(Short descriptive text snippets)
= = =

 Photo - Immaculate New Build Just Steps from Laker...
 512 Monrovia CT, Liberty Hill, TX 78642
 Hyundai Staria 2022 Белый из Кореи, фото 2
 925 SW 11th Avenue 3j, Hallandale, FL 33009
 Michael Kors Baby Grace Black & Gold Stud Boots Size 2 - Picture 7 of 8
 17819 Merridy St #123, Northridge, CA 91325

= = =

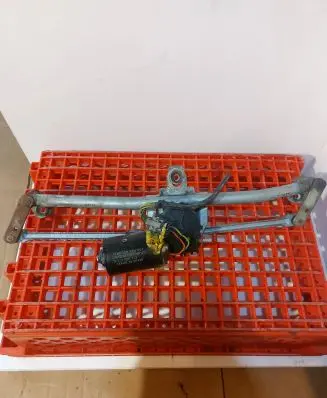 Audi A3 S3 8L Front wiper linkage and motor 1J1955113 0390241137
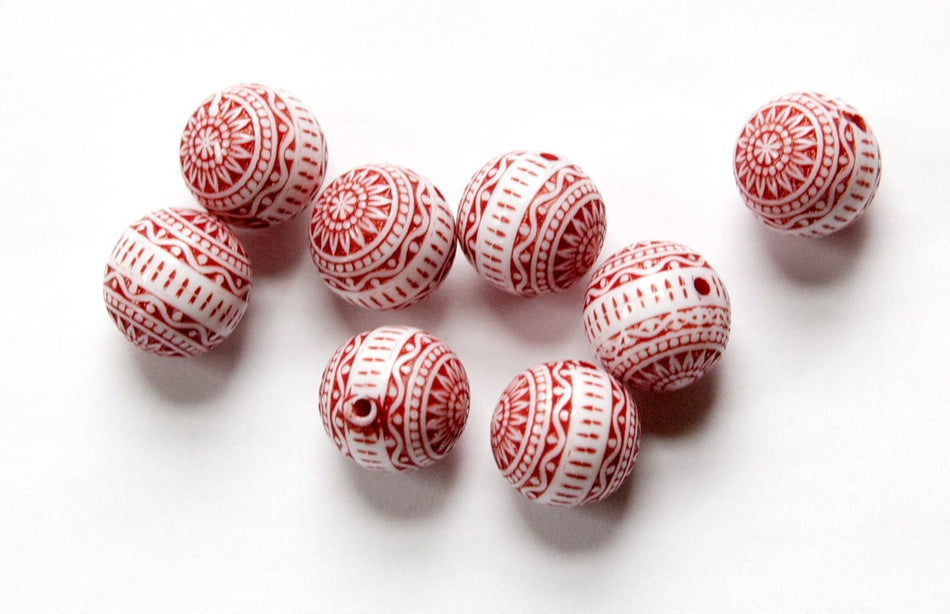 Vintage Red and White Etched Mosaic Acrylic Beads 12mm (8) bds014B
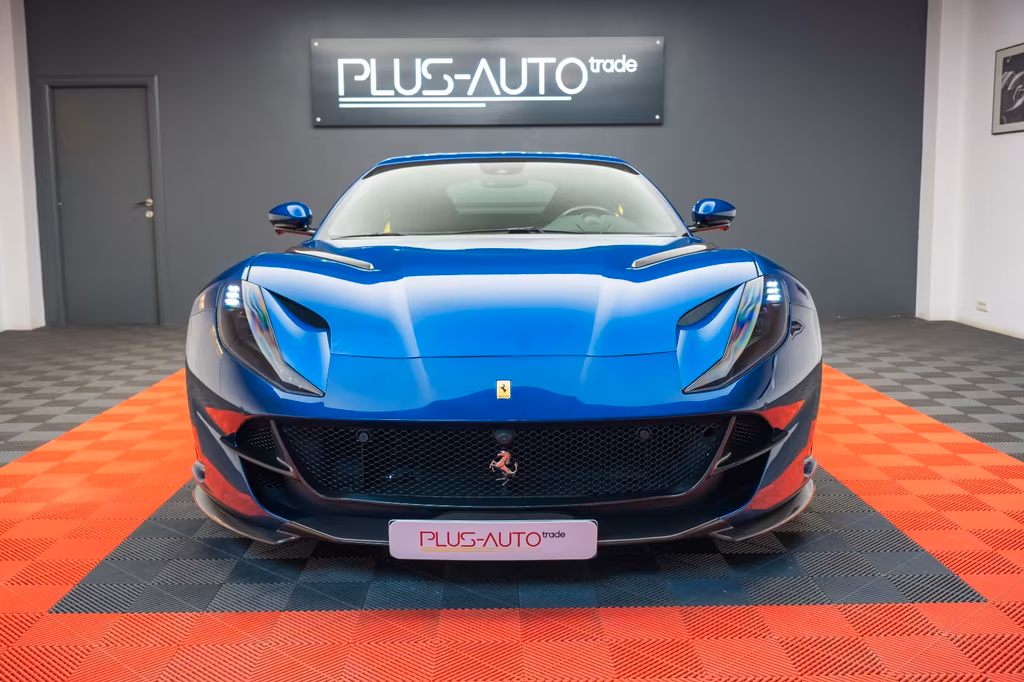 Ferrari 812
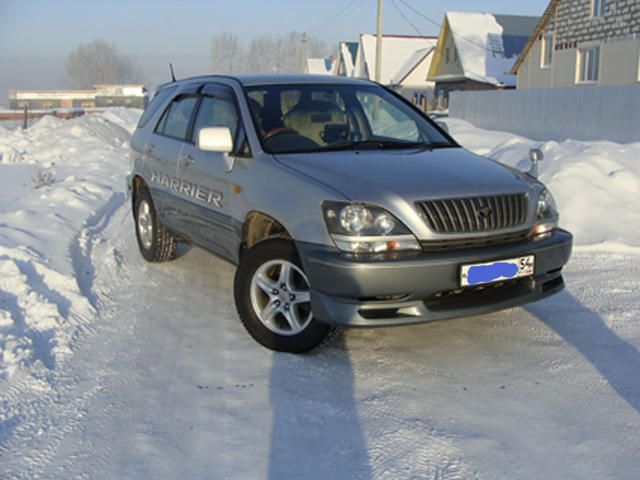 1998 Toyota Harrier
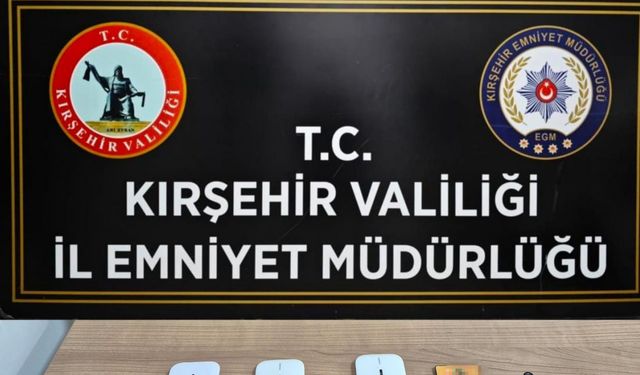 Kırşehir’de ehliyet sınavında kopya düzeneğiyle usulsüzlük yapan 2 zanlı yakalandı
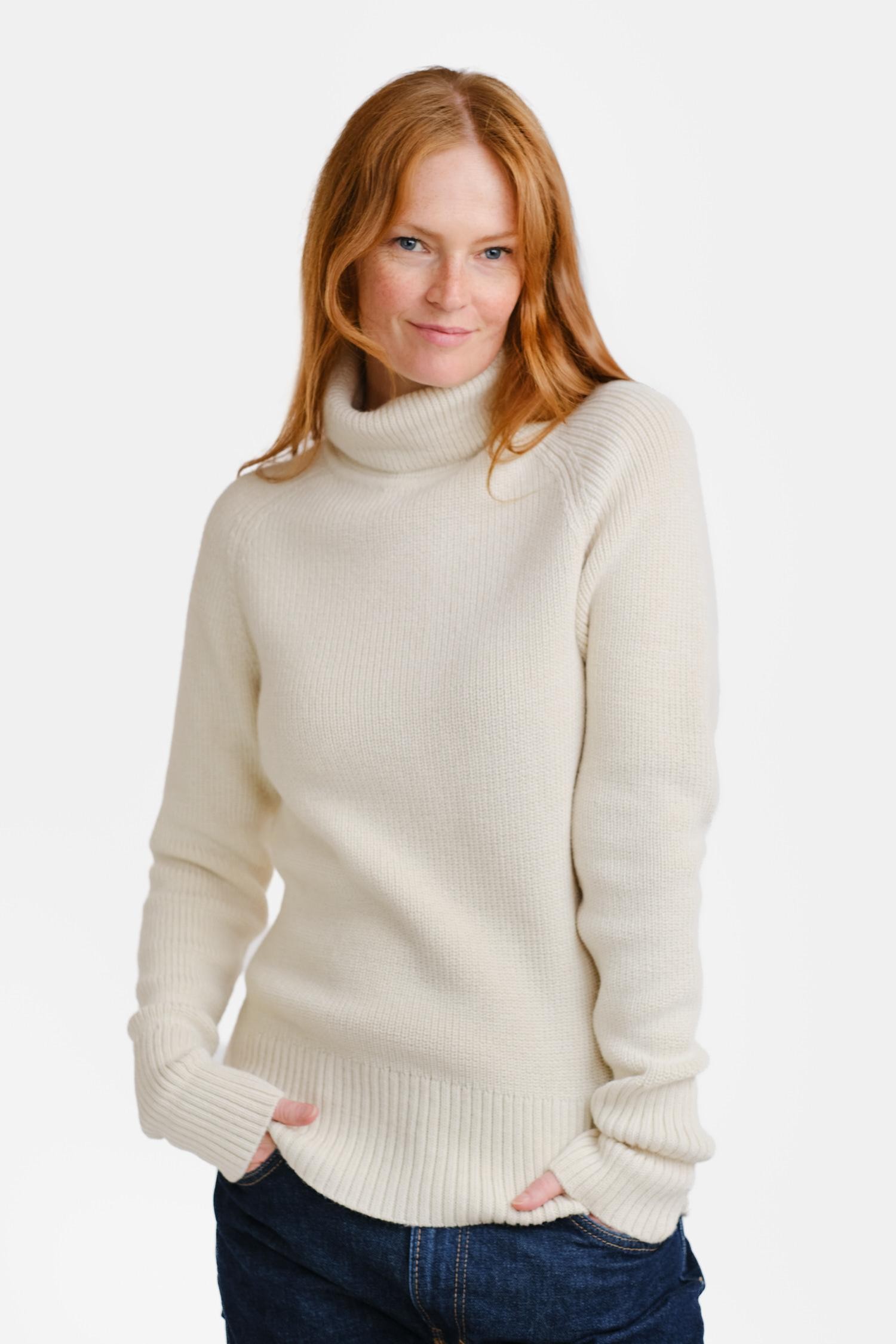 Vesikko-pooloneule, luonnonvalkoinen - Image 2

= = =

WHAT IS BEING ASKED: The data above holds the lines to copy: start at the one with "Vintage Red and", stop at the one with "Vesikko-pooloneule, luonnonvalkoinen - Image", include both, copy them exactly without pictures, and copy nothing else.

TASK OUTPUT:
 Vintage Red and White Etched Mosaic Acrylic Beads 12mm (8) bds014B
 Ferrari 812
 1998 Toyota Harrier
 Kırşehir’de ehliyet sınavında kopya düzeneğiyle usulsüzlük yapan 2 zanlı yakalandı
 Vesikko-pooloneule, luonnonvalkoinen - Image 2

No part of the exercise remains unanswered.